EXERCISE PROMPT ▸ Please restate the data below word for word, omitting all images.

RECORDED DATA ▸
BEGIN
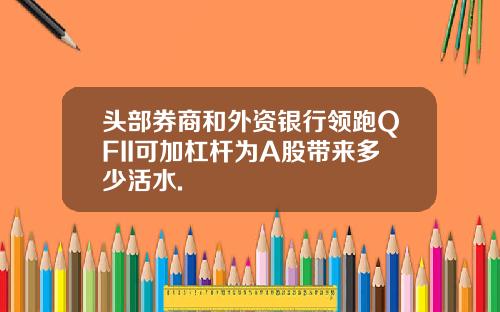 头部券商和外资银行领跑QFII可加杠杆为A股带来多少活水.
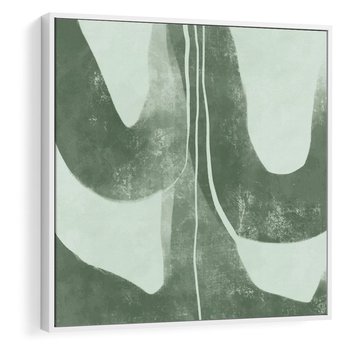Obraz w ramie 80x80 - Nurtująca Kompozycja Zieleni - abstrakcyjne delikatne zielone linie, podobne do gałęzi kwiatów - rama biała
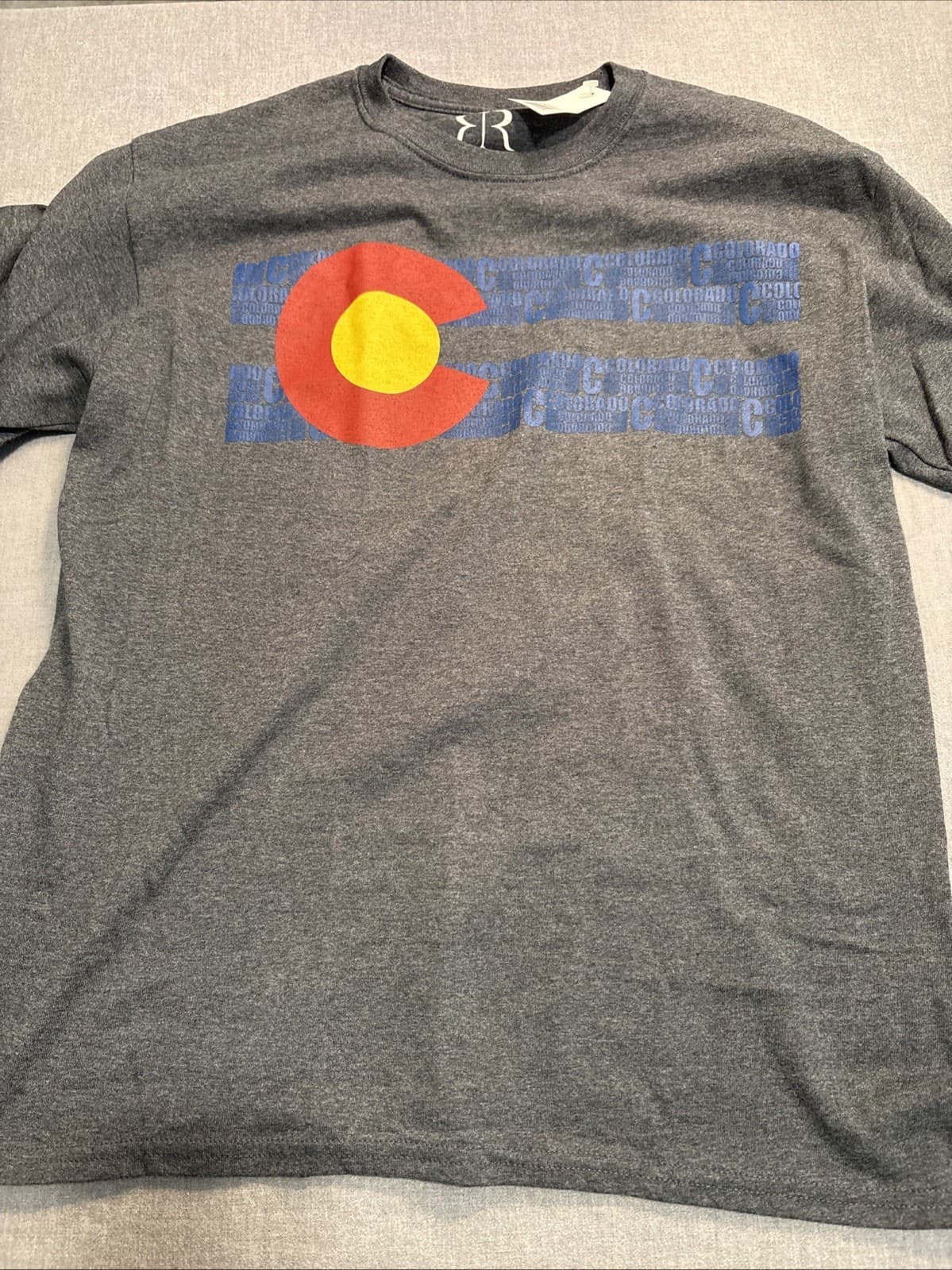 New Robin Ruth Colorado Flag T-Shirt Men's L Grey Short Sleeve State Graphic Tee - Thumbnail 2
END
SOLUTION TO THE PROBLEM ▸
 头部券商和外资银行领跑QFII可加杠杆为A股带来多少活水.
Obraz w ramie 80x80 - Nurtująca Kompozycja Zieleni - abstrakcyjne delikatne zielone linie, podobne do gałęzi kwiatów - rama biała
 New Robin Ruth Colorado Flag T-Shirt Men's L Grey Short Sleeve State Graphic Tee - Thumbnail 2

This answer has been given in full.